_TASK INSTRUCTIONS_
Exclude the pictures, then repeat exactly each line from the one containing "herbarium sheets on table" to the final line of the records that follow.

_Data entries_

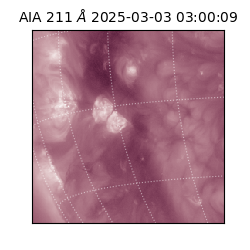 saia - 2025-03-03T03:00:09.630000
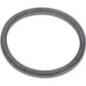 Quadring 31,42x2 - 06340411 Quadring 31,42x2 - 06340411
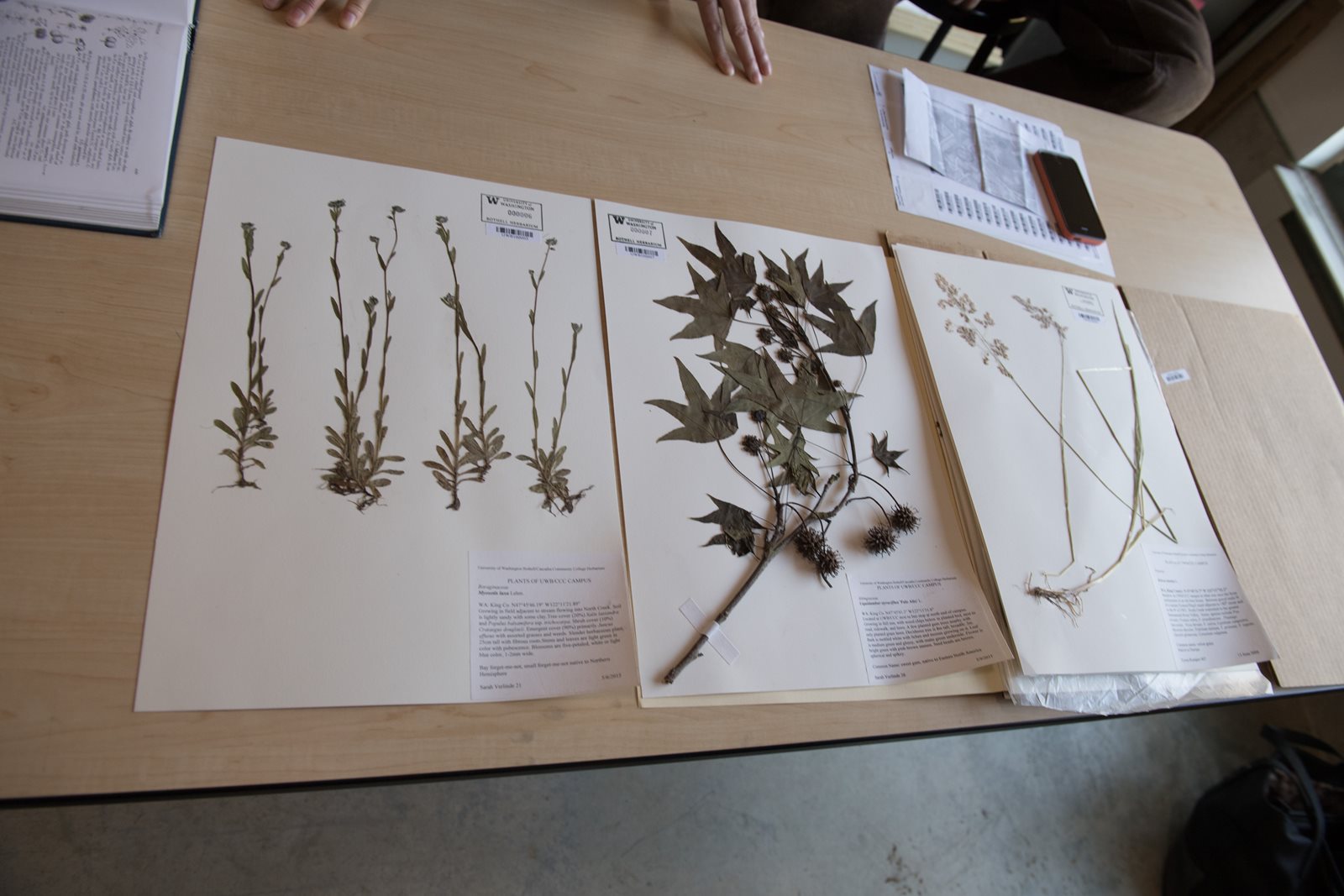 herbarium sheets on table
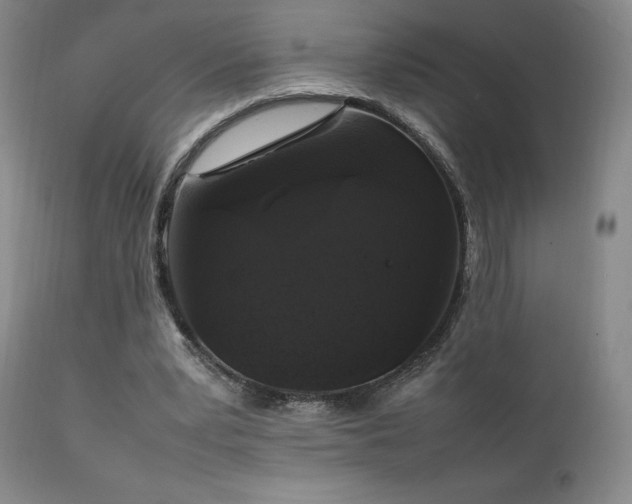 X0000111210391200907011450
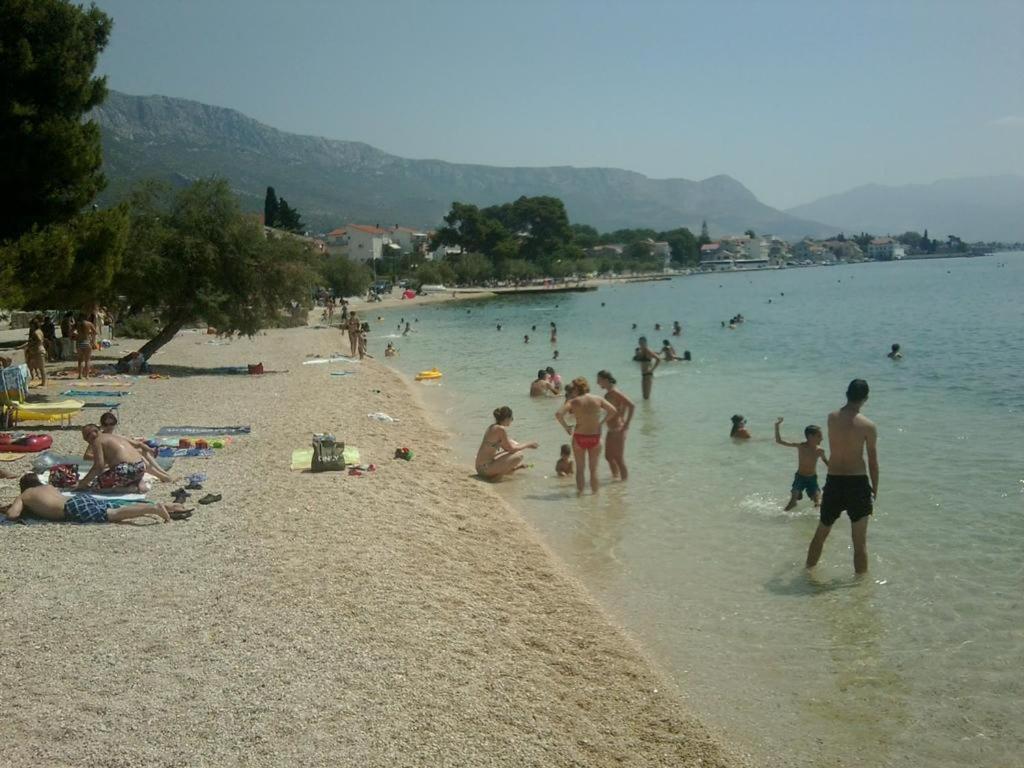 Photo 42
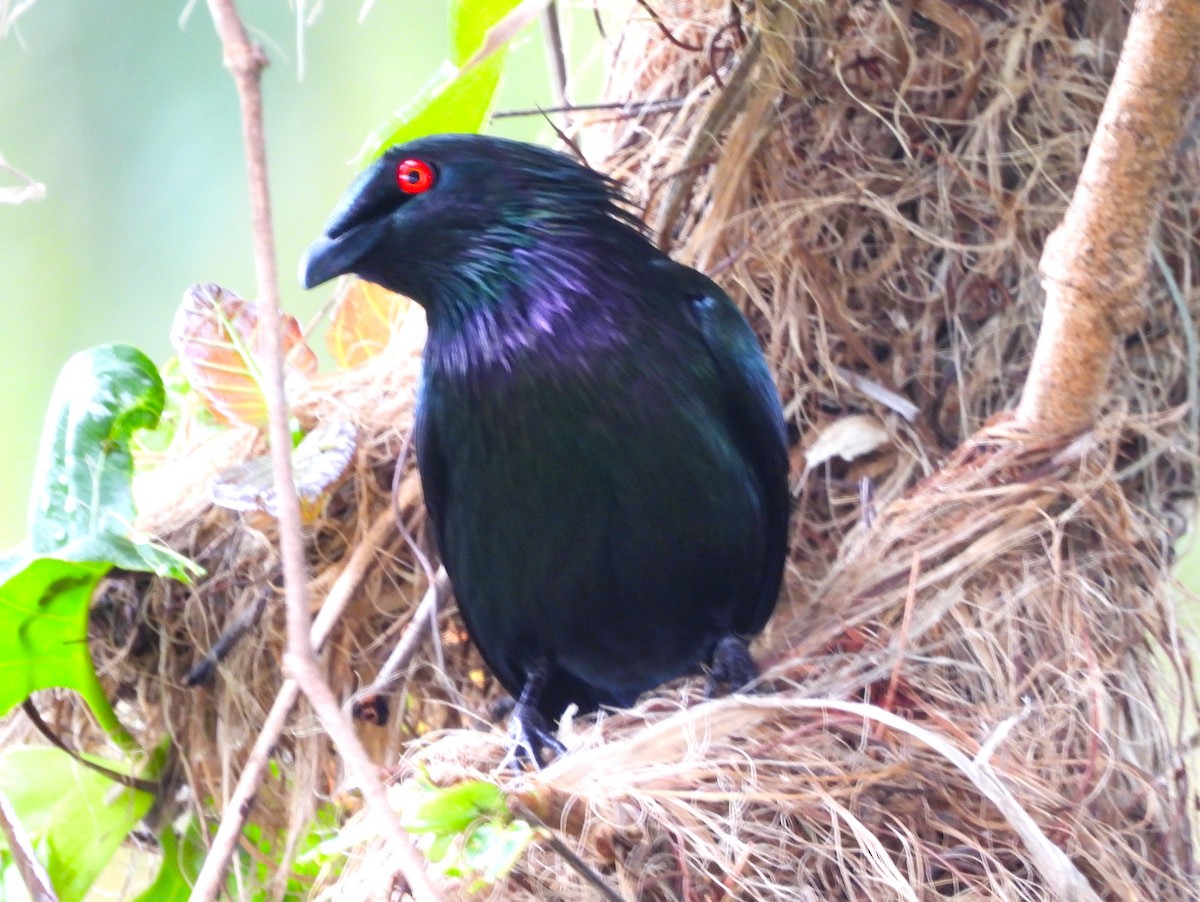 špaček lesklý - ML646024883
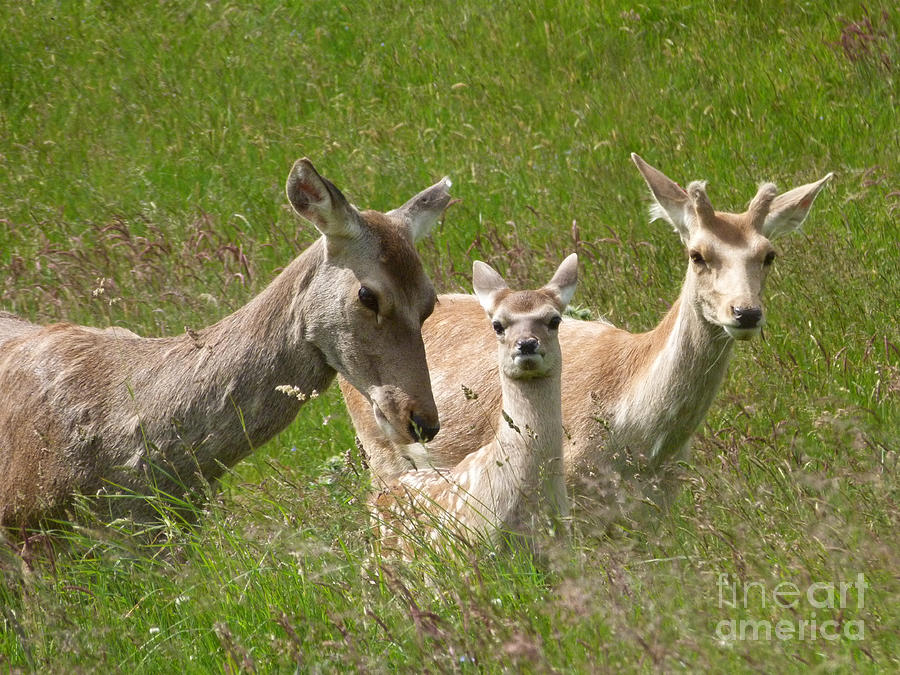  Bukhara Deer Photograph by Phil Banks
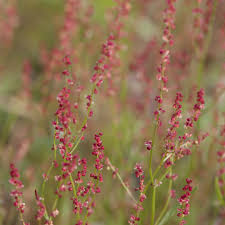 Attēlu rezultāti vaicājumam “Rumex acetosa flower”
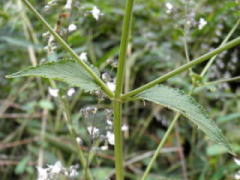 角がはっきりとした四角い茎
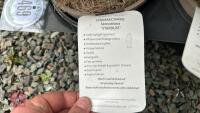 3 MIXED EVERGREENS - 5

_RESULT_
 herbarium sheets on table
 X0000111210391200907011450
 Photo 42
 špaček lesklý - ML646024883
  Bukhara Deer Photograph by Phil Banks
 Attēlu rezultāti vaicājumam “Rumex acetosa flower”
 角がはっきりとした四角い茎
 3 MIXED EVERGREENS - 5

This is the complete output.